First-quarter numbers miss forecasts at Sodexo, shares slide
Sodexo
€73.00
16:30 07/01/25
Shares in France’s Sodexo slumped on Tuesday, after first-quarter numbers at the services giant missed expectations.
The catering and facilities management (FM) specialist said revenues in the three months to November end rose 1.9% to €6.4bn, or by 4.6% on an organic basis.
However, analysts had pencilled in revenues of €6.5bn, and by 1115 GMT the stock had lost 9%.
Sodexo said it had seen organic growth of 5.9% in North America, driven by strong activity in airline lounges, convention centres and stadiums.
The rest of the world also performed well. It posted growth of 6.4%, boosted by "robust" performances in India, Brazil and Australia.
However, in Europe, organic sales growth was slower, up just 2%. Sodexo said the region had been impacted by last year’s contract losses as well as a decline in project works. In the UK, Sodexo provides healthcare and justice services, including running a number of prisons.
The firm said that overall, it expected only "modest" growth in the first half.
But it was more confident for the full year, with new business contributions expected to underpin the second half, and left annual guidance unchanged.
Sodexo is currently targeting full-year organic revenue growth of between 5.5% and 6.5%.

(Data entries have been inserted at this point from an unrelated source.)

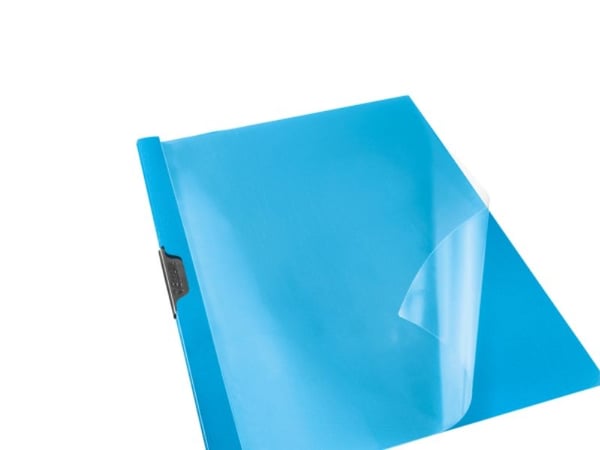 Esselte Vivida - Klipsfil - for A4 (210 x 297 mm) - kapasitet: 25 ark - blå med transparent frontdeksel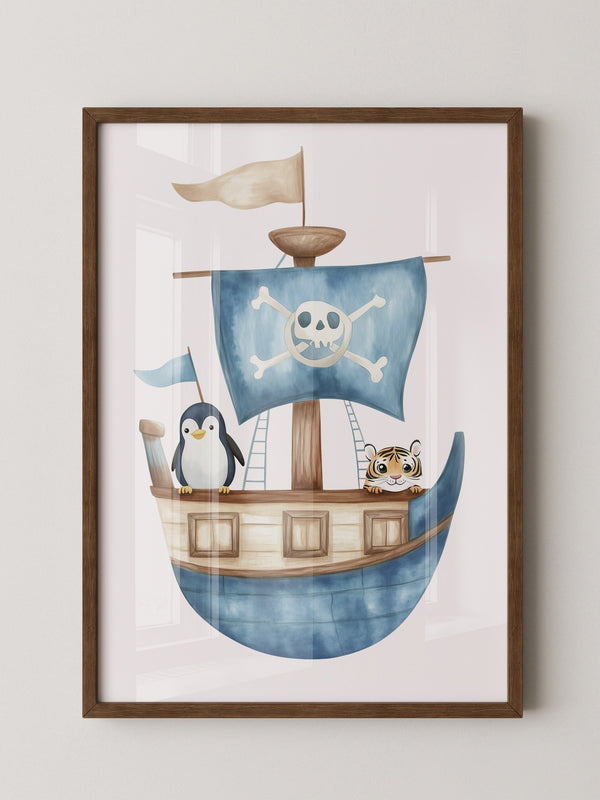 Piratenboot Tiere Wasserfarben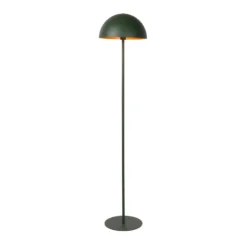 Lámpara de pie Siemon de acero, Ø 35 cm, verde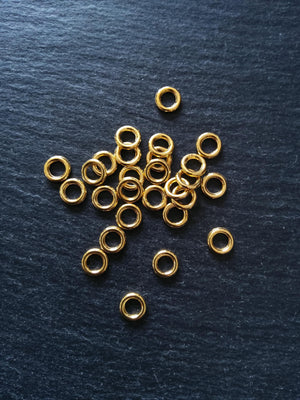 80 or 400 CLOSED 8mm Jump Rings Bright Gold Tone Alloy 1.5mm (15 gauge) Hole: 5mm Nickel FREE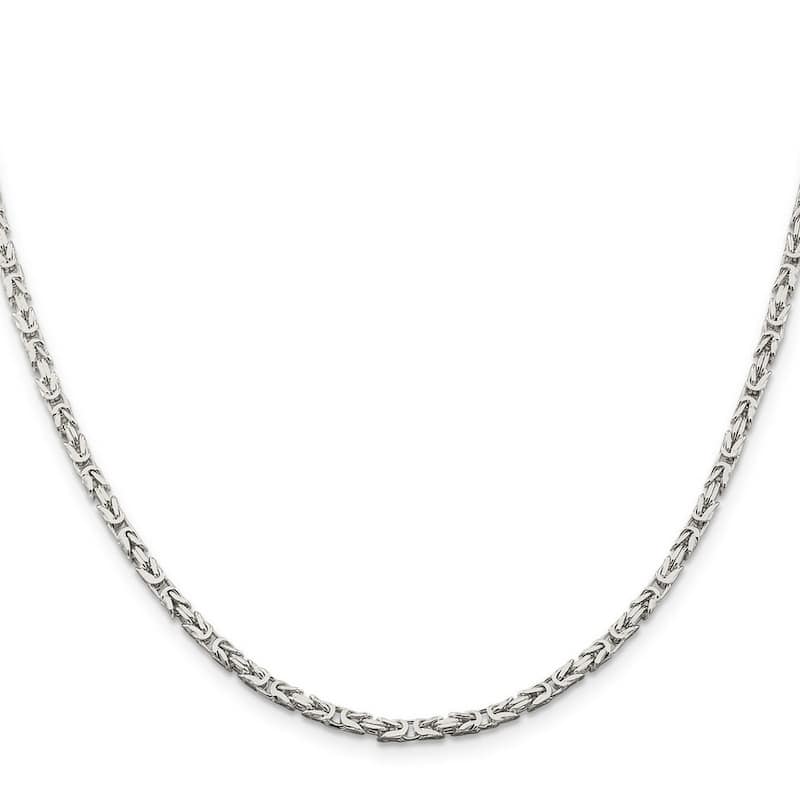 Curata 925 Sterling Silver 2.5mm Squared Byzantine Chain Necklace for Men Option: 16 18 20 24 30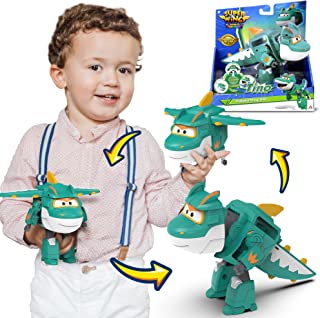 Super Wings Tino Dinosaur 5" Transforming Character Easy Transformation Preschool Kids Gift Toys for 3+ Year Old Boy Girl, Green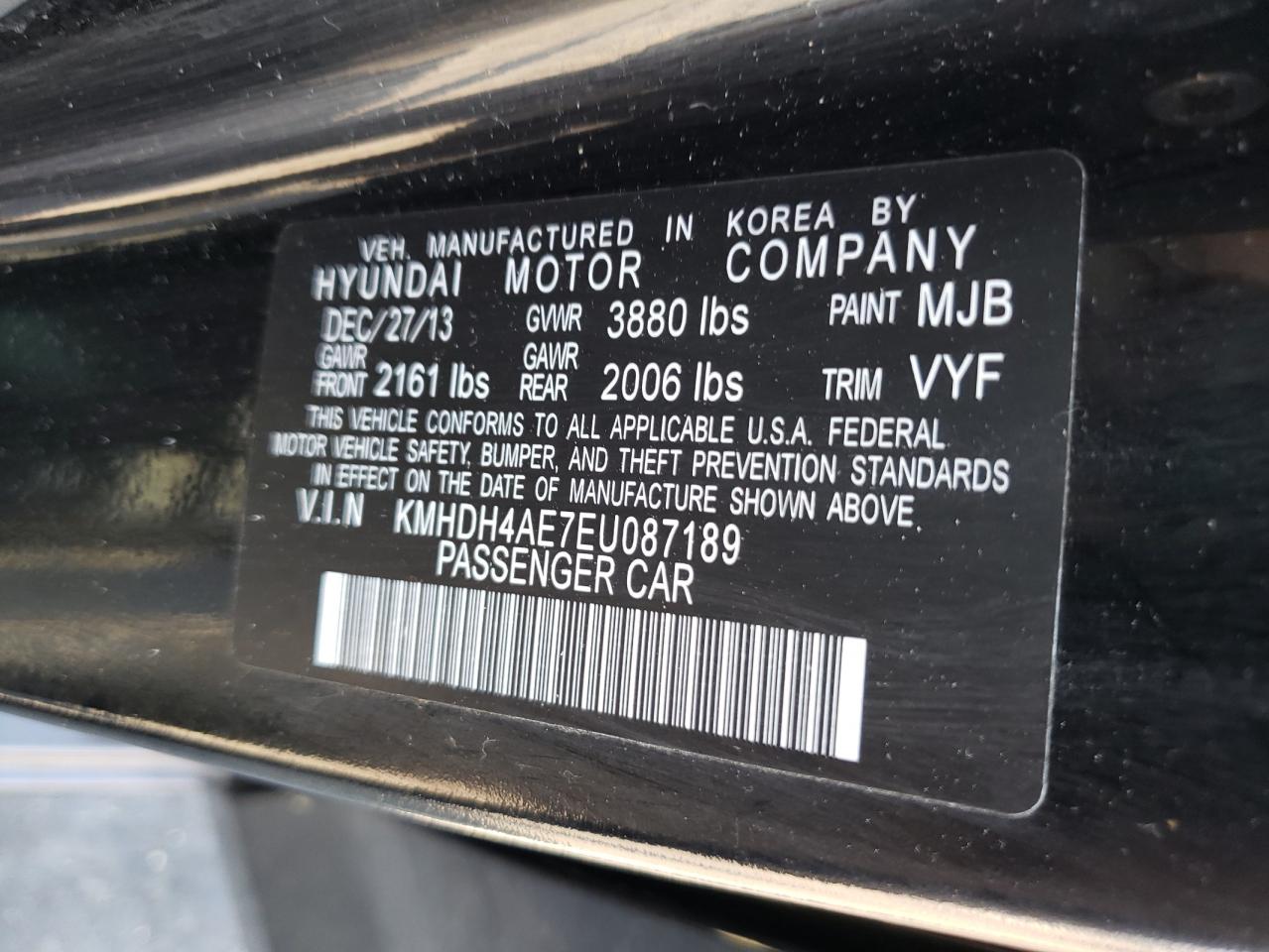 2014 Hyundai Elantra Se VIN: KMHDH4AE7EU087189 Lot: 63666814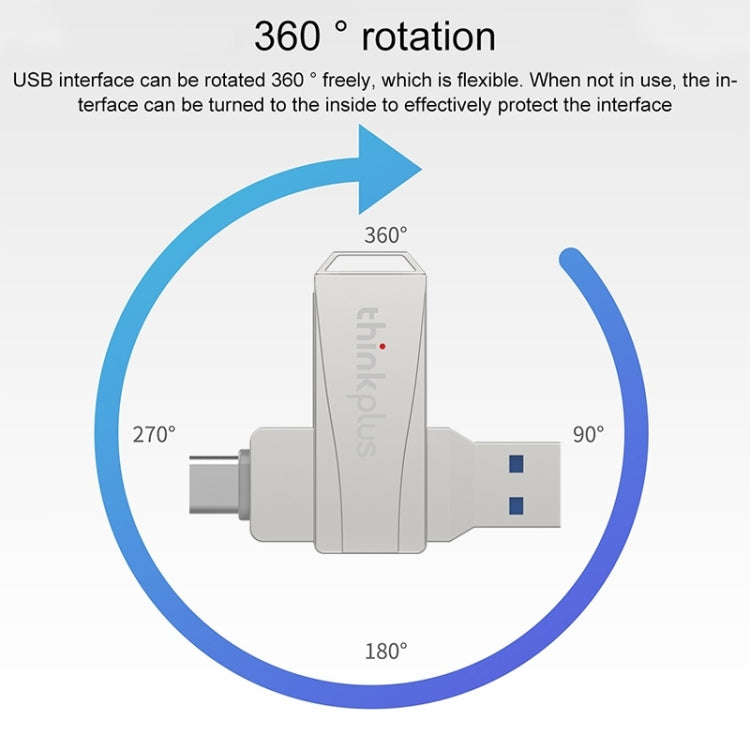 Lenovo Thinkplus MU252 USB 3.1 + USB-C / Type-C Flash Drive, Memory:256GB (Silver) - USB Flash Drives by Lenovo | Online Shopping UK | buy2fix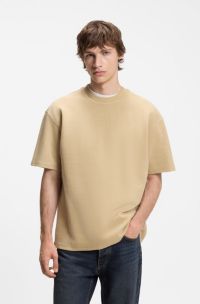 Cotton-jersey T-shirt with blue logo patch, Beige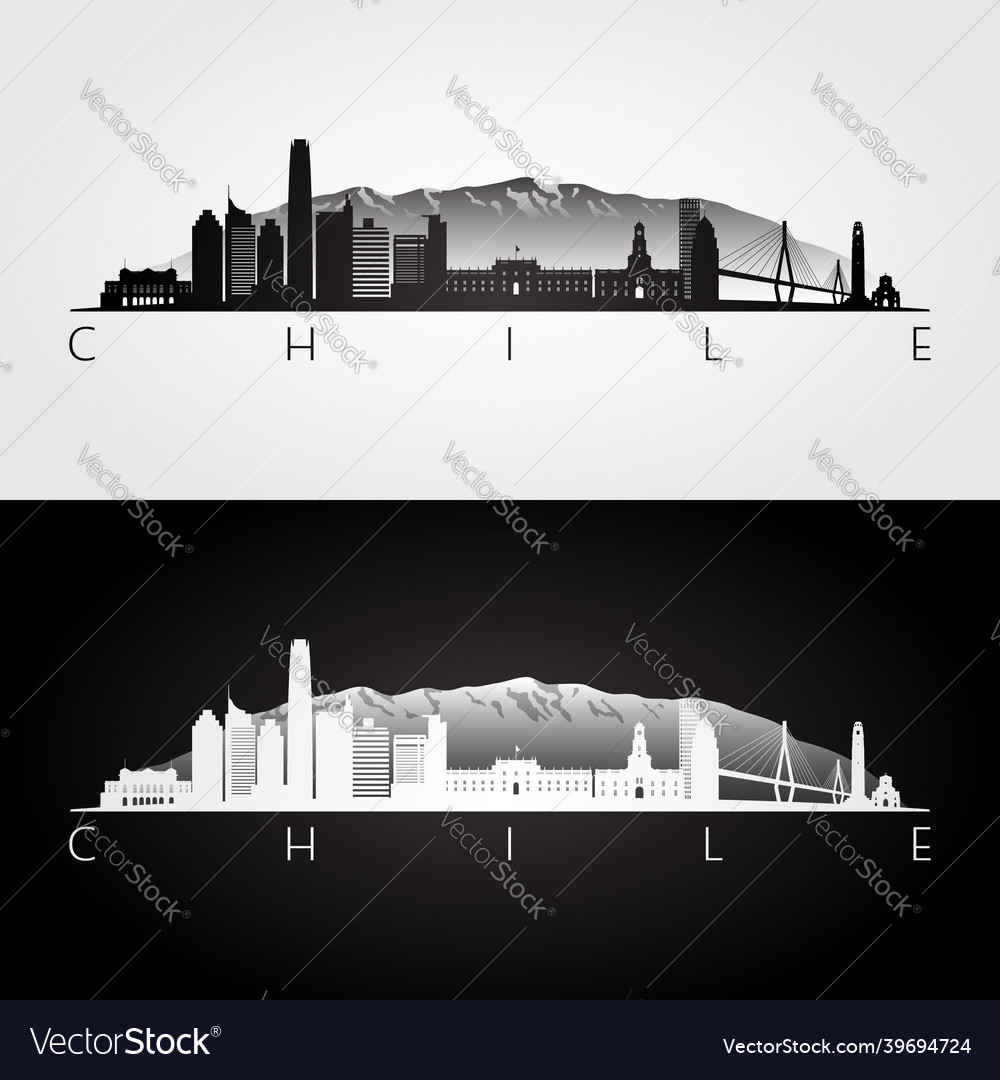 Chile skyline and landmarks silhouette Royalty Free Vector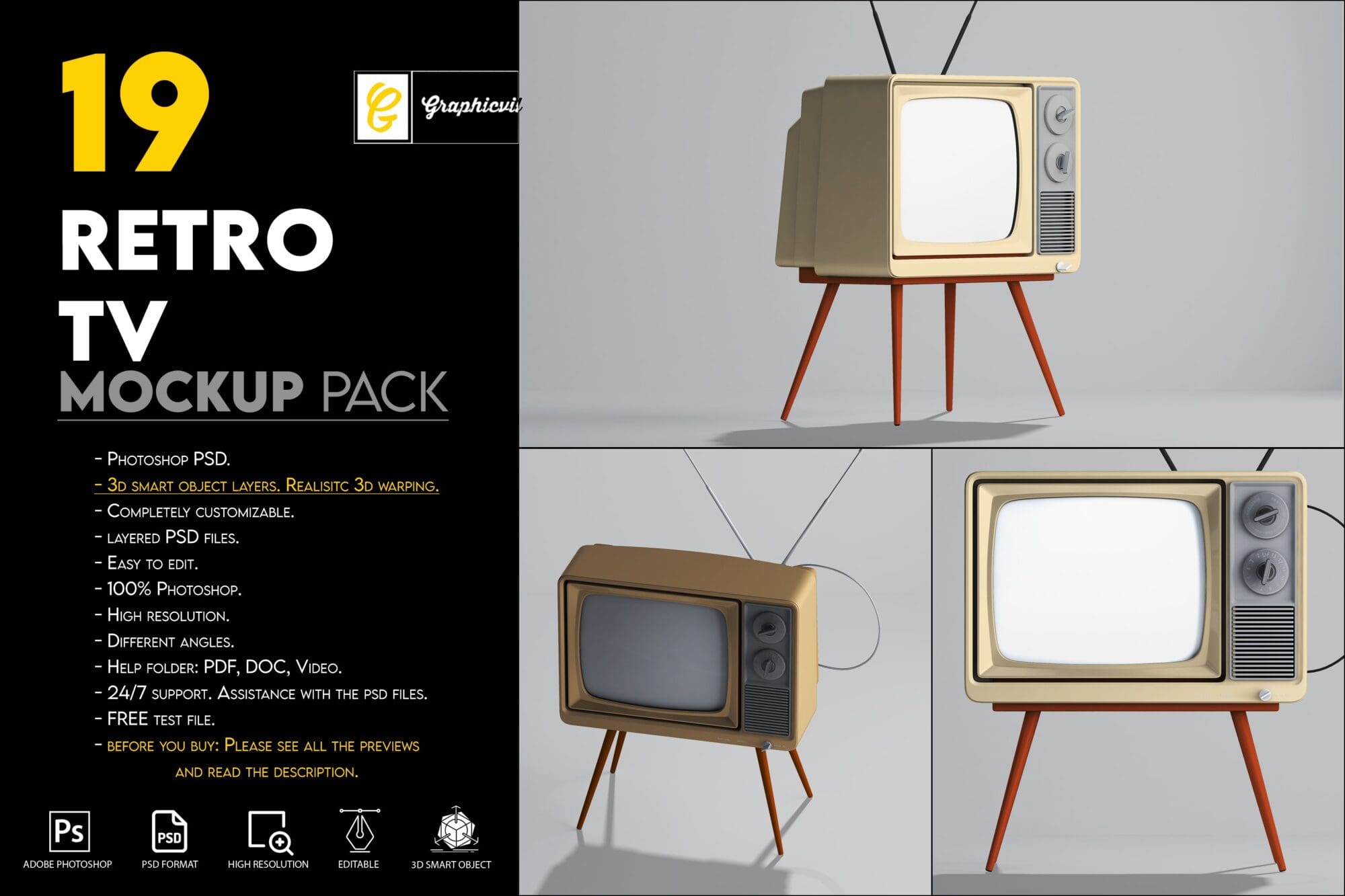 Retro Tv Mockup Pack - 6877617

Sophie Bellon, chief executive, said the first quarter marked a "soft start to the year, as expected.
"Solid performances in food services offset softer activity in FM services, where we experienced lower volumes in project works.
"Importantly, we are encouraged by the strong commercial momentum at the start of the year, marked by major contract wins and renewals.
"We are committed to delivering on our guidance for the year."
Bellon is the daughter of the late Pierre Bellon, who founded Sodexo in Marseille in 1966.